Some supporters of a continued U.S. military deployment in Iraq and Syria argue that the costs are comparatively low, with 113 U.S. servicemembers killed and 355 wounded in Operational Inherent Resolve since August 2014. But since ISIS fell in 2019, the more important question is why the United States should be willing to incur further casualties in either country at this point, given its credible over-the-horizon alternatives. Since the outbreak of the Gaza Crisis, reevaluation is even more necessary.

U.S. forces in both countries have faced periodic flare-ups of violence before, including in March of this year when an American contractor was killed and five servicemembers were wounded in a drone attack. The ongoing violence since October is part of a broader pattern of U.S. adversaries having the opportunity to impose costs on the United States when they see fit by targeting vulnerable, isolated U.S. outposts. The connection of recent attacks to the Gaza Crisis underscores that maintaining open-ended U.S. deployments in Iraq and Syria has become a liability limiting our freedom of action as we respond to other regional contingencies. These risks should add to the urgency to redeploy these forces.

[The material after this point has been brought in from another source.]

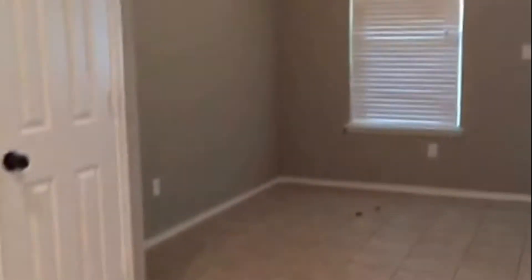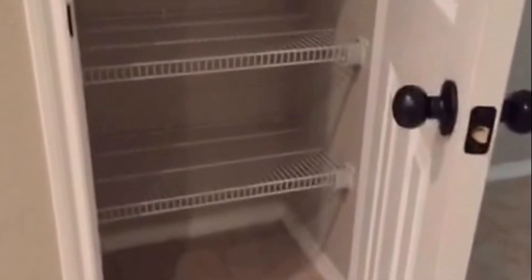Dishwasher. Right here is the closet for your kitchen pantry. Lots of space there.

Though the United States has flowed substantial additional combat power to the Middle East since October to deter regional escalation in the Gaza Crisis, harm to vulnerable U.S. forces in Iraq and Syria could cause the very conflict policymakers seek to avoid. During this conflict, the United States should maximize its flexibility and minimize the risk to its forces that various courses of action could pose. 3,400 troops are unlikely to have a decisive influence on the political future of Iraq or Syria, but their presence as a tripwire has not deterred militias from seizing the opportunity to try to kill Americans. In the case of contractors, they have already succeeded.

At the current rate of attacks, it may only be a matter of time before U.S. servicemembers are killed, and regional war becomes an acute threat. Given its over-the-horizon capabilities, the United States does not need to give its adversaries easy opportunities to harm U.S. troops in order to protect against threats to core regional interests. The United States urgently needs to de-risk its Middle East footprint instead of hoping for the best until servicemembers are killed, redeploying from Iraq and Syria missions that have for years no longer been worth their risks.